The sleepy neighbourhood has long been known as a destination for older residents, young families and Asian migrants. But Iranzad and his business partner, Josh Pape, aimed to bring some youth back to the area when they started Bufala, a trendy pizzeria with a liquor license. The two had already established Wildebeest in Gastown, and when they looked for their next location, settled on the West Side.
“We like to think against the grain a little bit,” says Iranzad inside the brick encrusted walls that surround Wildebeest. “If everybody’s saying not to do something and everybody isn’t doing something, well that’s a good time to consider doing it.”
Many regarded Bufala as the exception, not the rule. But since the pizzeria’s inception nearly two years ago, a strange thing started happening: Kerrisdale has started getting trendy. There’s the new ramen place in the storefront that Thomas Hobbs Florist occupied for 23 years.
On the other side of the same street, a new pho restaurant has picked up where the Avenue Grill left off. Meanwhile, Minverva’s sprawled out into the vacated Art’s Place to establish a new wine bar, Barra 41. It all screams a new era for the tree-lined district.
When Sasha Teller-Sawyer and her boyfriend decided to move in together, they weighed their options. Teller-Sawyer, 27, a nursing student at BCIT, was moving from a house on Main Street that she occupied with a few friends. Her boyfriend works in Richmond. Kerrisdale seemed like a good compromise.

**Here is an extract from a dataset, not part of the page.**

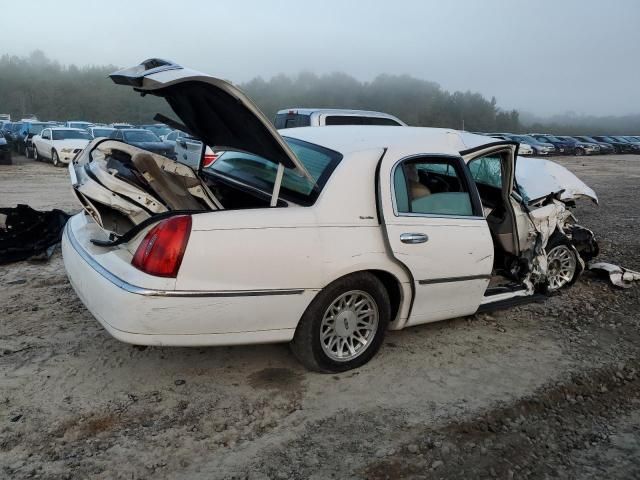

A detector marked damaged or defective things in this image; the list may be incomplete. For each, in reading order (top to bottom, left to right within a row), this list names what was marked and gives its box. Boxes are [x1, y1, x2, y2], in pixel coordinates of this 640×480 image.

wrecked vehicle [62, 60, 596, 374]
severe collision damage [62, 59, 608, 372]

“It’s funny because initially all my girlfriends were like ‘Oh Kerrisdale? Why would you choose to live in Kerrisdale, there’s nothing going on there,’” she recalls. “But personally, I live right on East Boulevard, and I’m really into nature and trees and quiet. Like I would never live downtown, that’s not my thing. So to me, Kerrisdale has a little of that quiet, quaint feel to it.
She also appreciates the new businesses, though, in particular applauding Barra 41. “We’ve actually been there, we’ve tried it out a couple times and it’s chill,” she says. “It’s got sort of the old person and young person vibe to it, so it’s really great that way. And it’s sort of a minimalized menu, more burgers and stuff, and it’s cool, they have a young, hip staff and it’s updated. It’s not like Minerva’s where it’s like old-school Greek. Which is still great, I love Minerva’s.”
Boris Zugic and Vanessa Singleton had a similar decision to make. Wanting to leave their apartment in Railtown, the two found themselves considering Kerrisdale. Zugic, who’d grown up in the area was originally opposed.
Singleton, however, had gone to high school downtown, but grown up on Bowen Island. Kerrisdale reminded her of the island life. It’s a little bit like being on an island or in the country,” says Singleton, a UBC student. “All this green space, I really like it. And it’s really close to UBC, so much closer than where we were living before. There’s just so much space here.”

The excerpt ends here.